It's difficult to exactly make sense of how my friend created a logon script batch file which mapped the shares but since I cannot access the any of the shares that is a moot point at this time.

I've spent most of yesterday looking over the support forums and samba documentation but to no avail.  I desperately need to access these share without losing the share altogether which I presume can be done; however, I currently stuck and need assistance.

----------

## cwr

I had a long, vicious fight with Windows 7 and Samba recently; the problem turned out to be

Windows firewalling and exportable directory permissions.

Turn off your Windows firewall (the machine I was trying to connect to had _two_ firewalls,

btw.) as a temporary measure, and make sure that the directory you are trying to reach is

public and acessible.  Once you've got access, tighten permissions until something breaks.
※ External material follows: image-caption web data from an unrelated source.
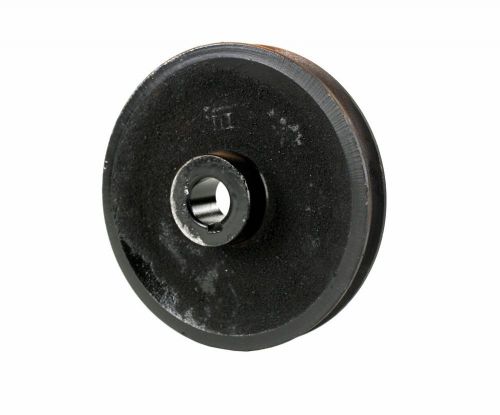 SDT WRA40-PLY Replacement Pulley System for SDT-WRA40 Wire Stripping Machine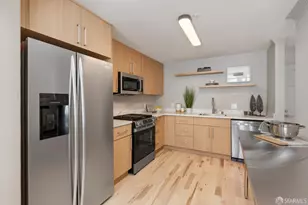 1565 Sacramento St, San Francisco, CA 94109 - Photo 5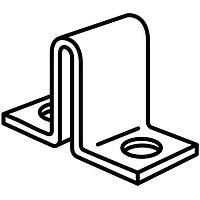 Eaton OJ4/J ເຄື່ອງມືແລະອຸປະກອນເຊື່ອມຕໍ່ Terminal Block JUMPER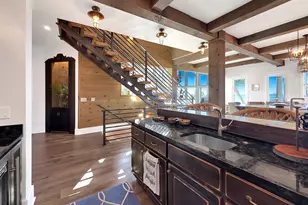 2331 Sr 30-A, Port Saint Joe, FL 32456 - Photo 27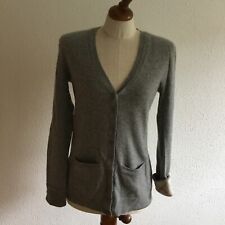 Strickjacke riginal burberry gebraucht kaufen  München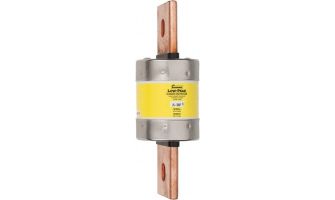 LPJ-500SP FUSE CRTRDGE 500A 600VAC/300VDC
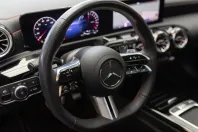 Mercedes-Benz CLA 250 din 2023 cu 35.650 km - oferta MER152312 - foto 10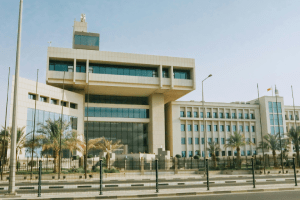 govt offices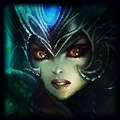 <a href=/yingxiong/jhin/ target=_blank class=infotextkey>戏命师</a><a href=/yingxiong/jhin/ target=_blank class=infotextkey>烬</a>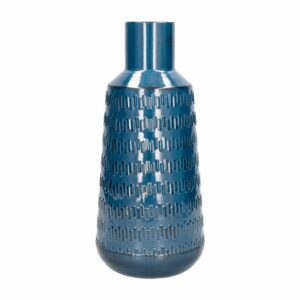 Adorno Base Circular Color Negro FREE HOME Mediano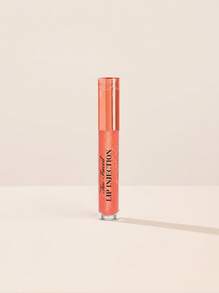 Too Faced Lip Injection Maximum Plump Extra Strength Lipgloss Creamsicle Tickle 4 g - Cosquillas de Creamsicle - Ver 1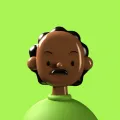 实时竞猜 - PG模拟器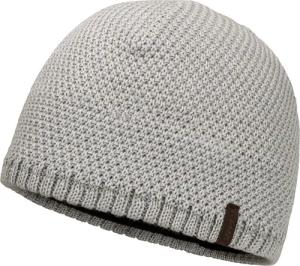 Schöffel Style Wildkar Mütze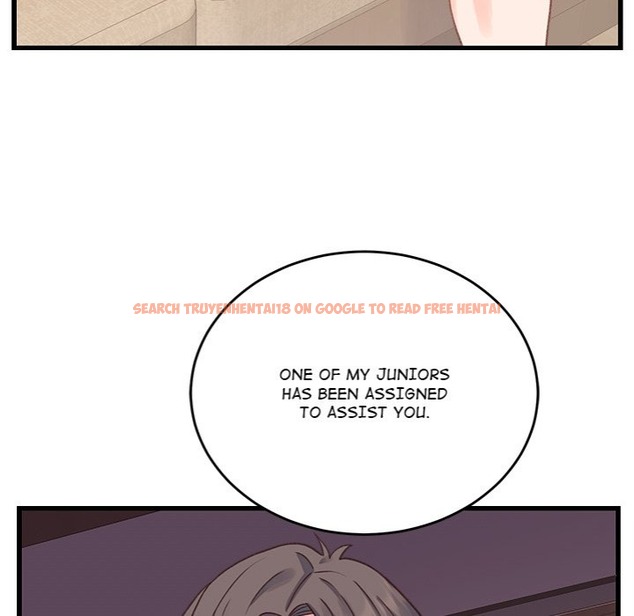 Read Hentai Image 101 20532 in comic From Pauper To Prince - Chapter 19 - hentaitnt.net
I can't really give you any more advice, since that's the only time I've tried to access a

Windows box, and I don't think I'll be using that system again - I don't have a complete

record of what I tried.

Good luck - Will

----------

## gigantor31

Forgive me if I misread your response, but I should have made this more clear: I cannot access my samba shares on the linux box, not the the other way around.

----------

## gigantor31

I was able to finally get my friend to assist me with this.  It turns out my dhcp and firewall config files were mis-configured.  I'm up and running now.  Close thread.  Thank you.

----------